C’est le sens de l’image classique du soleil et des astres, qui peut s’entendre de deux manières : à l’instar des étoiles qui éclairent le ciel d’une lumière identique à celle du soleil, les Heures constellent la journée chrétienne de l’unique lumière de grâce qui resplendit dans l’Eucharistie.
Telles des planètes qui réfléchissent la lumière du soleil, les Heures de l’Office sont aussi comme autant de points de réflexion, au long de la journée, de la lumière qu’elles reçoivent du mystère central de l’Eucharistie.
C’est l’une des thèses principales de la belle étude de théologie de la liturgie des Heures du P. de Reynal que de montrer comment « la liturgie des Heures répercute au long de la journée l’écho de la grande prière eucharistique, en en reprenant les grandes orientations et en les amplifiant dans le climat de louange et d’intercession qui lui est propre » (p. 155).
3.2. La « forme eucharistique » de la vie et de la prière chrétiennes
Ce qu’il faut comprendre, au fond, c’est que la prière de l’Office est une forme de prière eucharistique, en tant qu’elle nous permet, heure après heure, unis au mystère du Christ, de consacrer et d’offrir notre être à Dieu :
Comme orants, nous poursuivons avec d’autres mots à chaque moment de la prière des Heures, cette offrande de nous-même que nous accomplissons avec le Christ en chaque Eucharistie.
Cette offrande de soi au long de la journée fournit leur couleur particulière aux prières d’intercession des Laudes, qui sont moins une prière universelle qu’un acte d’offrande de la journée.
On peut dire ainsi que l’Office divin est la prière qui nous permet de vivre vraiment cette « forme eucharistique de la vie chrétienne » dont parle le pape Benoît XVI dans l’Exhortation Sacramentum Caritatis.

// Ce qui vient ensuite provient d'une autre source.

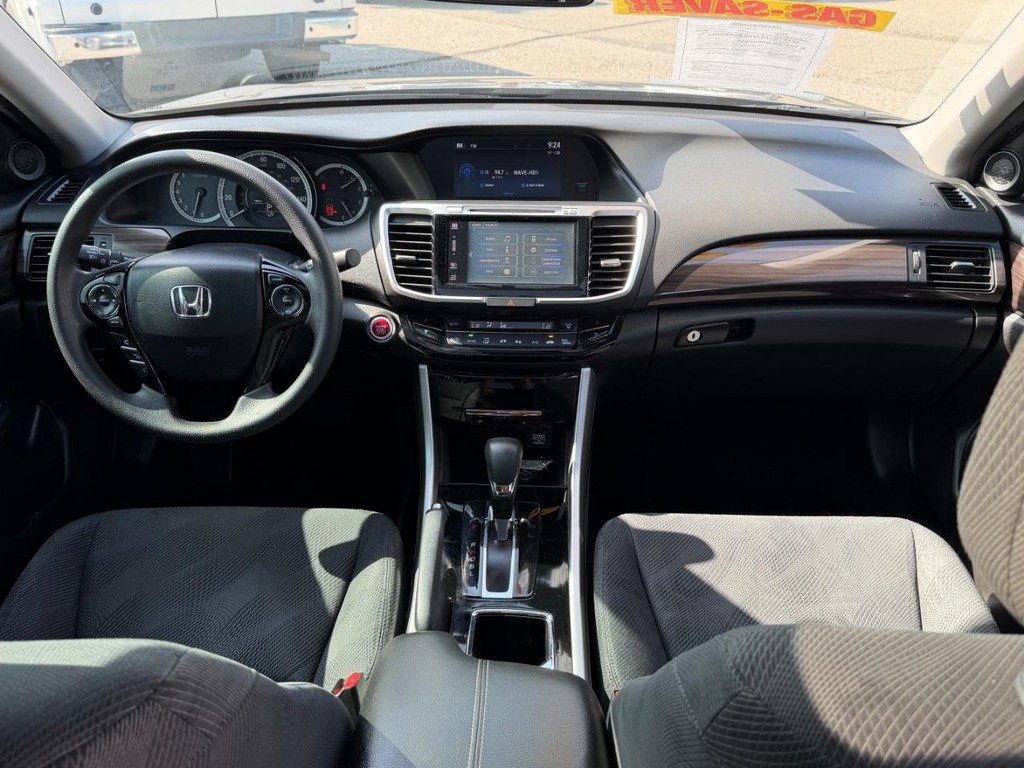 Honda Accord Vehicle Full-screen Gallery Image 23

Le Pape cite le passage de l’épître aux Romains (12, 1) qui définit le vrai sacrifice spirituel : « Je vous exhorte, mes frères, par la miséricorde de Dieu, à Lui offrir vos corps en sacrifice saint : c’est là le culte spirituel que vous avez à rendre. »
Et il commente en disant qu’ici « apparaît l’image du culte nouveau comme offrande totale de la personne en communion avec toute l’Église (…). Le culte agréable à Dieu devient ainsi une nouvelle façon de vivre toutes les circonstances de l’existence où [chaque activité particulière] est exaltée en tant qu’elle est vécue en relation avec le Christ et offerte à Dieu. »
Ce pourrait être, pour finir, une belle définition intérieure de l’Office divin, mais surtout une puissante invitation à renouer avec lui et à le célébrer ensemble chaque jour, chaque dimanche : la liturgie des Heures permet à chacun la célébration continue et persévérante du culte intérieur qui plaît à Dieu, du vrai sacrifice de louange par lequel notre vie est exaltée, considérée comme une bénédiction divine et un objet d’action de grâce.